▶ Task item:
Where the listing below reaches the line containing "Glass Beaded Fringe Sunrise Sunset Earrings", start writing out lines exactly, and stop once the line containing "Jeans de Campana" has been written.

▶ Data excerpts:

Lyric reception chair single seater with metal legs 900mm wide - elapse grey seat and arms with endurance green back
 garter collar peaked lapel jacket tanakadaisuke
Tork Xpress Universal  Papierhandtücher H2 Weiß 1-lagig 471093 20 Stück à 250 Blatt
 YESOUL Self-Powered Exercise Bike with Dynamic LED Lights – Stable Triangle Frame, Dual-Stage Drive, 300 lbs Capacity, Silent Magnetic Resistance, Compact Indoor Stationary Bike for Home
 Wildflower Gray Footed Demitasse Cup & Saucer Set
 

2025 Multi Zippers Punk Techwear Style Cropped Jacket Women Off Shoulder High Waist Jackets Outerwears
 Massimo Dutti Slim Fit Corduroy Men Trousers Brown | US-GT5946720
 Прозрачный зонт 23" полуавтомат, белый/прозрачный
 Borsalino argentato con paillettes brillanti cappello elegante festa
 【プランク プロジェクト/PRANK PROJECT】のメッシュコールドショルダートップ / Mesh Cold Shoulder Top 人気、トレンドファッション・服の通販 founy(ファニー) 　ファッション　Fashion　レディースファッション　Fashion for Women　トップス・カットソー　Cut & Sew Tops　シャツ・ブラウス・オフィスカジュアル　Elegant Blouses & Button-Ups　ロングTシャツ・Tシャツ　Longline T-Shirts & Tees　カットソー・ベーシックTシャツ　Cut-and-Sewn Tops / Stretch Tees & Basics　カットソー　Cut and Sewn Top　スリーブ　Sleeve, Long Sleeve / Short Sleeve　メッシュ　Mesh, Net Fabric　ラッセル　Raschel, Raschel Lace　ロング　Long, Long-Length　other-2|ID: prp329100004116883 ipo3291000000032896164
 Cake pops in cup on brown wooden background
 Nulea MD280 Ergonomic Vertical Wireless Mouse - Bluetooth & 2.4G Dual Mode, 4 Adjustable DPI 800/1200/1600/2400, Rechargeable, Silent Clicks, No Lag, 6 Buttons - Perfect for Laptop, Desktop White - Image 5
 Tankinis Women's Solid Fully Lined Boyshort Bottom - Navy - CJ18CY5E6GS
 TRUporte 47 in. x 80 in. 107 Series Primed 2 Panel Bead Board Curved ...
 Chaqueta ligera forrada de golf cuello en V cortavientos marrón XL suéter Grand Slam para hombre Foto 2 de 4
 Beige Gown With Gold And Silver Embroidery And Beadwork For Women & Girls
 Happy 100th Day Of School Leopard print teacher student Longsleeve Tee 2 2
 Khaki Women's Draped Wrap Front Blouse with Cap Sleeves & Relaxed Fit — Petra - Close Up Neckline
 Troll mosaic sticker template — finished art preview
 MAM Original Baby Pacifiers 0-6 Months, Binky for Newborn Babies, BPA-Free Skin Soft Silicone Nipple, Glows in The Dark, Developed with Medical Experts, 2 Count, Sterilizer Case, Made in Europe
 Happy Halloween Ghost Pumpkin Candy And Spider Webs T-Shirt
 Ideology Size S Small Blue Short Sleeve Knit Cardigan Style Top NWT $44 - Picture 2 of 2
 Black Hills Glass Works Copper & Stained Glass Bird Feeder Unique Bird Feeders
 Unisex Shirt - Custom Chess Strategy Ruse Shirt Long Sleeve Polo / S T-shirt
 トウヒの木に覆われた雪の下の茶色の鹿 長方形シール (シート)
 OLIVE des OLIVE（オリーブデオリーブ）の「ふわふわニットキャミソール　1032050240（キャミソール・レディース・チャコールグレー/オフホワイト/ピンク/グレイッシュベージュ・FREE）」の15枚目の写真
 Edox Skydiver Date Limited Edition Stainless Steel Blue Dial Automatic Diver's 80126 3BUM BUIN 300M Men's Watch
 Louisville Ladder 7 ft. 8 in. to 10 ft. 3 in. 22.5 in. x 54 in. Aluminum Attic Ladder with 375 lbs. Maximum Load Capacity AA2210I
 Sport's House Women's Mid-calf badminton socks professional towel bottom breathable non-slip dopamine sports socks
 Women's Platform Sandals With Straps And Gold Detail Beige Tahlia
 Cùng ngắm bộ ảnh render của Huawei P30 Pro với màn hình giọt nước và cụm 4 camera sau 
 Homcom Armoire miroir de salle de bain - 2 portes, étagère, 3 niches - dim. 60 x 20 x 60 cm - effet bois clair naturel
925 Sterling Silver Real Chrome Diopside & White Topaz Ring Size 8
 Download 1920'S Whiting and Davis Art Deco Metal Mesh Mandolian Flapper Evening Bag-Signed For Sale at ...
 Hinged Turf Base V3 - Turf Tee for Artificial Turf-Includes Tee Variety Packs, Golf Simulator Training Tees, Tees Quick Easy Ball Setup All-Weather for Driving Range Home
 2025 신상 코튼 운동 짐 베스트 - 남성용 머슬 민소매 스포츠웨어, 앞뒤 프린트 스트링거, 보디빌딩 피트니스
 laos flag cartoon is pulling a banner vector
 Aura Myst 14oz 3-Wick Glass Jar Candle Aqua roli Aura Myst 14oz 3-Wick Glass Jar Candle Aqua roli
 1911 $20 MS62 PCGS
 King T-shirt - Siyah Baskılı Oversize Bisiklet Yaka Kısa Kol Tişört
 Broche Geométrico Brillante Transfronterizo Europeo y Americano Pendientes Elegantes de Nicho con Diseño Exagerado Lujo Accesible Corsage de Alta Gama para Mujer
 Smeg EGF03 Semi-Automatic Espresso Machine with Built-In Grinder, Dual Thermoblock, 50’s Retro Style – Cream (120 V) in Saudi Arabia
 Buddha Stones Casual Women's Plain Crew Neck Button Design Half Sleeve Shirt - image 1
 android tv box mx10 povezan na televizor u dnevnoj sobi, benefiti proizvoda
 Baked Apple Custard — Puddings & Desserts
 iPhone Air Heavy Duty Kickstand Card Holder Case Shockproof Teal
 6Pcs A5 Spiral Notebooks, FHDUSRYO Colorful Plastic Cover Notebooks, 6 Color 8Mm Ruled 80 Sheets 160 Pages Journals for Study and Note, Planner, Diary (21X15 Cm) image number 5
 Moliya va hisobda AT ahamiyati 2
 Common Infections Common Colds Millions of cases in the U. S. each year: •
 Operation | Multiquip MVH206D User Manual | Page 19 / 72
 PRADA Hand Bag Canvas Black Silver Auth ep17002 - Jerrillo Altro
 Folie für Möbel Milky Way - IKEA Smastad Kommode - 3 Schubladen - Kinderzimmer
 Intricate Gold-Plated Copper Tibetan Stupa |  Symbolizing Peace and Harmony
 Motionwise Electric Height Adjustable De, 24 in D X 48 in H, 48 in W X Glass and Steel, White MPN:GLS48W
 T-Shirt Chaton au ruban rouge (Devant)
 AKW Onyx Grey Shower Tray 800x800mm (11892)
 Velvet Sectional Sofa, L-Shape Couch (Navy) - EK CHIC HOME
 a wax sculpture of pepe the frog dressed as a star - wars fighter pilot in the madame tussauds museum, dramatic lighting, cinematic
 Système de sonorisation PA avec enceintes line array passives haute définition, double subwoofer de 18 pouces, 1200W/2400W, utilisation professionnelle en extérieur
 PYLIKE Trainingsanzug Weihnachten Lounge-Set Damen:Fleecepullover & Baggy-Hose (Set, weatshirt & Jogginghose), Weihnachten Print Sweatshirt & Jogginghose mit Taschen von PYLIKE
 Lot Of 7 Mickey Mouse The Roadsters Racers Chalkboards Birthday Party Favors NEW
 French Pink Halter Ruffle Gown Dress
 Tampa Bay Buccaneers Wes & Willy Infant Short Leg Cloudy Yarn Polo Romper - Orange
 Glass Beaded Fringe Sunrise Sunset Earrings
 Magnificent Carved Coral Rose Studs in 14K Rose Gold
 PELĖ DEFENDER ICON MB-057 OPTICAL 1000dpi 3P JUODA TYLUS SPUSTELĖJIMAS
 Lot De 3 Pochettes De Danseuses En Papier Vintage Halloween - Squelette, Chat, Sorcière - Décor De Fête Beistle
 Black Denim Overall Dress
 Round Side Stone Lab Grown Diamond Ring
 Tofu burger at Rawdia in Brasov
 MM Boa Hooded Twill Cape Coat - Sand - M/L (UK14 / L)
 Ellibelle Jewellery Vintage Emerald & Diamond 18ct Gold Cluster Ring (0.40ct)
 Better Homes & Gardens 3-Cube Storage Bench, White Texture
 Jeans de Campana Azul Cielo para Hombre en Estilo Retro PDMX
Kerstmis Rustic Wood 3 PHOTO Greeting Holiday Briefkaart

▶ Answer space:
 Glass Beaded Fringe Sunrise Sunset Earrings
 Magnificent Carved Coral Rose Studs in 14K Rose Gold
 PELĖ DEFENDER ICON MB-057 OPTICAL 1000dpi 3P JUODA TYLUS SPUSTELĖJIMAS
 Lot De 3 Pochettes De Danseuses En Papier Vintage Halloween - Squelette, Chat, Sorcière - Décor De Fête Beistle
 Black Denim Overall Dress
 Round Side Stone Lab Grown Diamond Ring
 Tofu burger at Rawdia in Brasov
 MM Boa Hooded Twill Cape Coat - Sand - M/L (UK14 / L)
 Ellibelle Jewellery Vintage Emerald & Diamond 18ct Gold Cluster Ring (0.40ct)
 Better Homes & Gardens 3-Cube Storage Bench, White Texture
 Jeans de Campana Azul Cielo para Hombre en Estilo Retro PDMX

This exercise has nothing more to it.